How to Financially Measure Innovation Performance

Do you know how your initiatives are contributing to the cause?

Originally published on Pivotal Innovation’s Blog, written by Kevin Fallon.

I get asked all the time about how to measure if your innovation efforts are successful since the concept of “innovating” can be somewhat vague and mean different things to different people. How you measure the success of your performance depends on the scope of your effort, but here are some measures that I regularly use:

  1. Revenue from New Products — Great companies look at what the revenue is from new products. Some companies define new products as products released into the market in the past 3 years but most look at products released in the market in the last 5 years. Most companies’ performance is in the 8% range but great companies perform at greater than 20%. For example, 3M sets a goal of 35% and DuPont sets 30%.
  2. Strength of Your Pipeline — Just like a sales funnel, look at the strength of your innovation pipeline. This doesn’t only apply to new products. It includes new business models, processes, organizations, partners, channel relationships or strategy itself. Analyze the transformations going on in your company but make absolutely sure they are moving the needle on value to some customer set, whether it be new value to current customers or value to new customers.
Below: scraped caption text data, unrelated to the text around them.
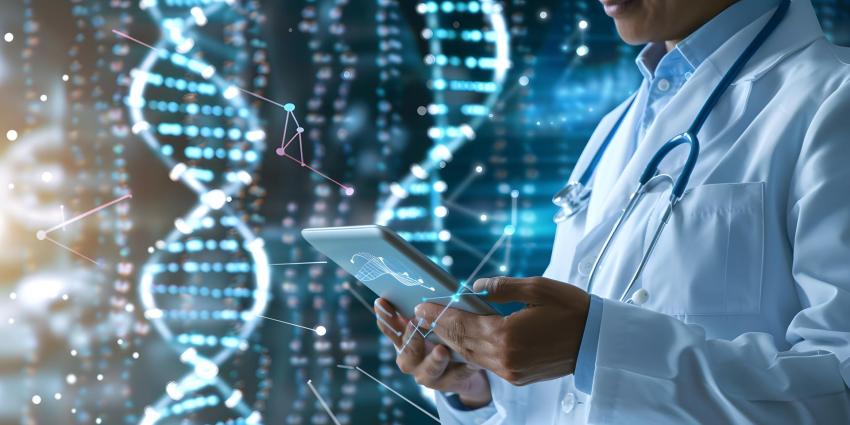 Lab 4.0 in Life Sciences: where digital ambitions hit reality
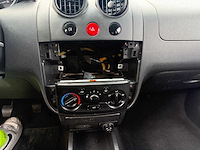 Chevrolet - 2007 - kalos - - personenauto - afbeelding 11 van  21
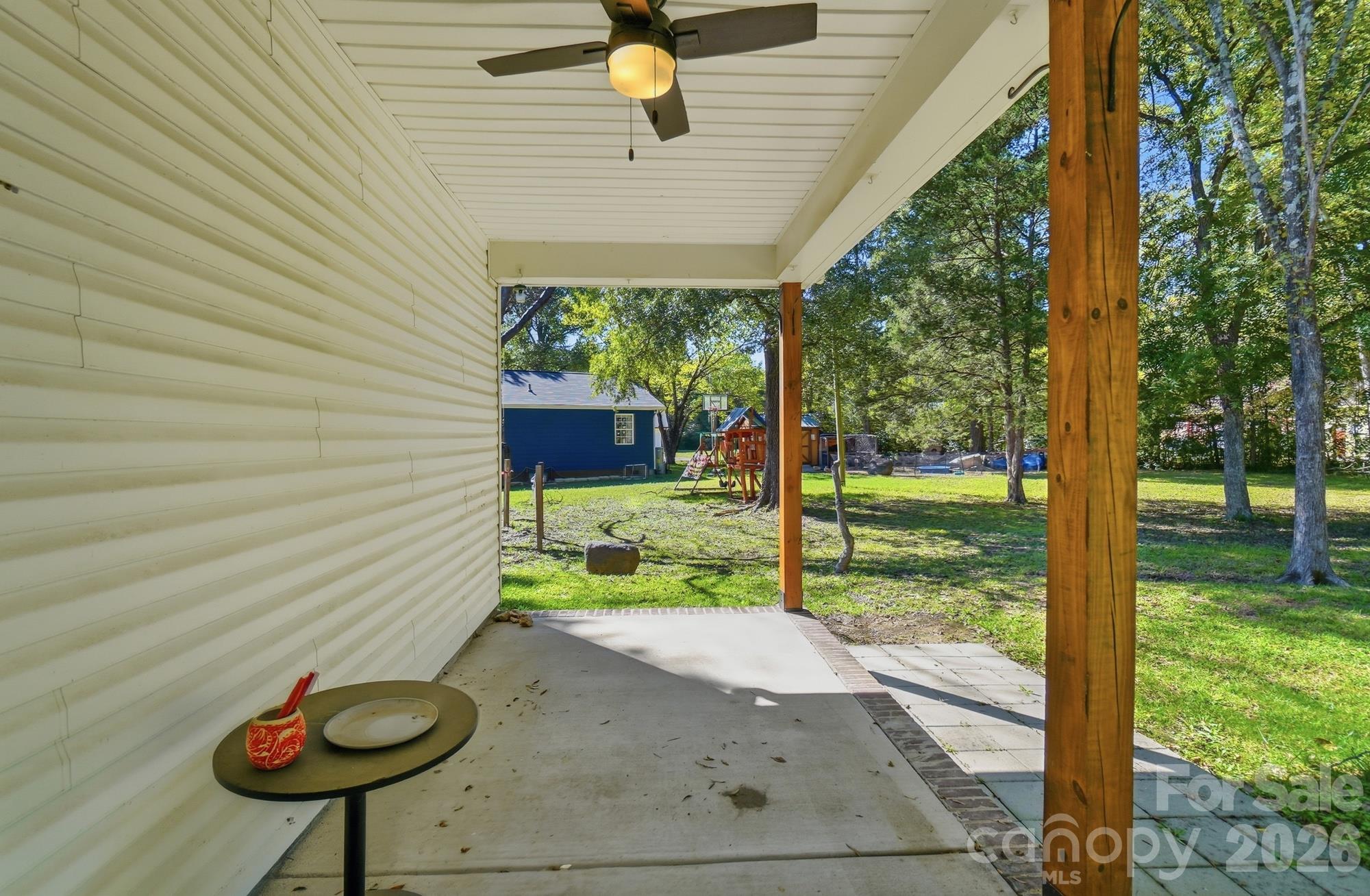 Single Family Residence at 1112 Crawford Road, Rock Hill, photo 43 of 48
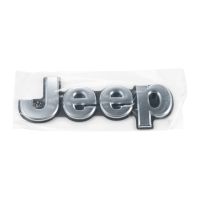 Emblem bak "Jeep"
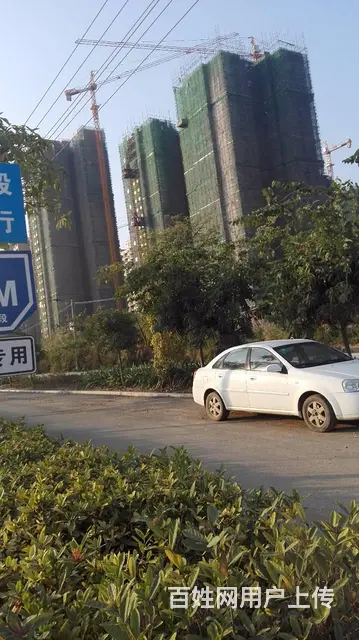 60米大街一线东湖1号附近国有土地岀售 - 图片 5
How robust is that pipeline?
  3. Return on Innovation Investment or ROII — According to Harvard Business Review, “Return on Innovation Investment (ROII) is a reasonable, aggregate measuring stick for innovation — you can calculate ROII by taking the profits or cash flows produced by innovation and dividing that figure by the cumulative investment required to create those returns.”
  4. Time to Market — A company may say, “We are good at strategy but not good at execution.” But how do you know? The two go hand in hand. If you speed up time to market then measure how fast you are releasing into the market. This also applies to services or processes. If the time to recruit new employees is critical to your business as it is in service companies, you may want to create a new recruiting process in your HR department. Whatever time it’s been taking, set a target of half that time. It will force your HR people to think in unconventional ways but it’s not as difficult as you think to achieve. Time to value is the key ingredient for this measurement.
  5. Apply Little’s Law to Innovation — The average number of innovations produced by your company L is equal to the effective new initiative rate, λ, multiplied by the average time an innovation is worked on in the system, W; or expressed algebraically: L = λW. The key is to prioritize the initiatives and only work on those that are attached to driving value to customers, new or current. Remember, contrary to belief, your constraint is not ideas, it is the time and energy of your people. Prioritization and limitation increases speed of innovations through your company.

A great way to keep track of the financial impact of your innovations is through an innovation management system. Each step of the innovation process gets tracked and archived so that you can easily run analyses of your time to market, ROII and revenue from new products. Taking a systematic approach to managing your innovation process will increase profitability and make financial impacts easy to measure.